= John Tarleton (slave trader) =

English ship-owner (1718–1773)

John Tarleton (1718–1773) was an English ship-owner and slave-trader, and Mayor of Liverpool in 1764.

Tarleton was born in 1718 to Thomas Tarleton of Bolesworth Castle a slave trader and owner in Grenada, who with his brother John had been involved with trading in West Indies and Africa.

Tarleton was the part-owner and manager of several ships engaged in the slave trade, the Tarleton and the Swan in the 1750s, and the John in the 1760s, mainly delivering slaves to Jamaica. At his death in 1773, Tarleton also owned slaves at the Belfield Estate in Dominica. Tarleton rose to become a prominent Liverpool merchant, and after becoming Mayor in 1764, was encouraged to stand for Parliament, but declined.
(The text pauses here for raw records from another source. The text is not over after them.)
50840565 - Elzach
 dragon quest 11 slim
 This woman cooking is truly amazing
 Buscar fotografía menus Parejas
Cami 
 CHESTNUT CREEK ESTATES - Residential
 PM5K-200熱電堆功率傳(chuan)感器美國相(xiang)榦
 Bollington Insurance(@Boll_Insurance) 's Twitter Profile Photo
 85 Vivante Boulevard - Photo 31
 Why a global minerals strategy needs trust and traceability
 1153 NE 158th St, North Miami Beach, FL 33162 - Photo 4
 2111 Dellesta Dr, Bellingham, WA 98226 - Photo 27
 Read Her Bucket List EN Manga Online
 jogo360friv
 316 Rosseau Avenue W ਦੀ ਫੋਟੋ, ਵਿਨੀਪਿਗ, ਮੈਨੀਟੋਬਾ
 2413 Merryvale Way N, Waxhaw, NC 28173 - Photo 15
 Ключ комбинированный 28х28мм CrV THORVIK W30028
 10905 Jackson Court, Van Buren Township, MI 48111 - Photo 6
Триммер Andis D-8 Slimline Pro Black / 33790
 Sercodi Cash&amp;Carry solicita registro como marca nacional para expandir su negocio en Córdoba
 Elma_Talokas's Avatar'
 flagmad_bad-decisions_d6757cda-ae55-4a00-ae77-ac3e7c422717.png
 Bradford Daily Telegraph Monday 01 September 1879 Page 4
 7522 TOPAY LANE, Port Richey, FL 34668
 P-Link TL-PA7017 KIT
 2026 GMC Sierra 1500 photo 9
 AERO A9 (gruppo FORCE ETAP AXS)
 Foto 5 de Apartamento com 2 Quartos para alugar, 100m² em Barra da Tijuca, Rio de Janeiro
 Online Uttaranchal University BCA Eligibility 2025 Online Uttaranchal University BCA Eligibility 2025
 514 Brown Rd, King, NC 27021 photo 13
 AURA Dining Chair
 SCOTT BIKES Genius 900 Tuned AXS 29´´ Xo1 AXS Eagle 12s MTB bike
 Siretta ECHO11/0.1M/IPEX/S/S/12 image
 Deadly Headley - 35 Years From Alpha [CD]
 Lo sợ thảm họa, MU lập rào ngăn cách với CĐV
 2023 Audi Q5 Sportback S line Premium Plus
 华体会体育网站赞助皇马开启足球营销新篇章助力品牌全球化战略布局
Tarleton made significant investment in real estate in his last decade. He owned estates in Carriacou and Dominica as well as stores and houses at Grenada and Grand Ance, Carriacou. He also had several houses in Liverpool, Fairfield Estate near Buxton and tenements at Aigburth near Liverpool, and finally secured part of Aigburth Hall Estate – the old family house – about 1770. Aigburth Hall, located on Aigburth Hall Avenue, was demolished around 1840.

Tarleton married Jane Parker (1726–1797), daughter and coheir of Banastre Parker of Cuerden, Lancashire. Tarleton died in 1773, and was survived by five sons, three of whom continued in the family business. Son John Tarleton was an MP and slave trader, Banastre Tarleton was a soldier and MP, Clayton and Thomas were slave traders.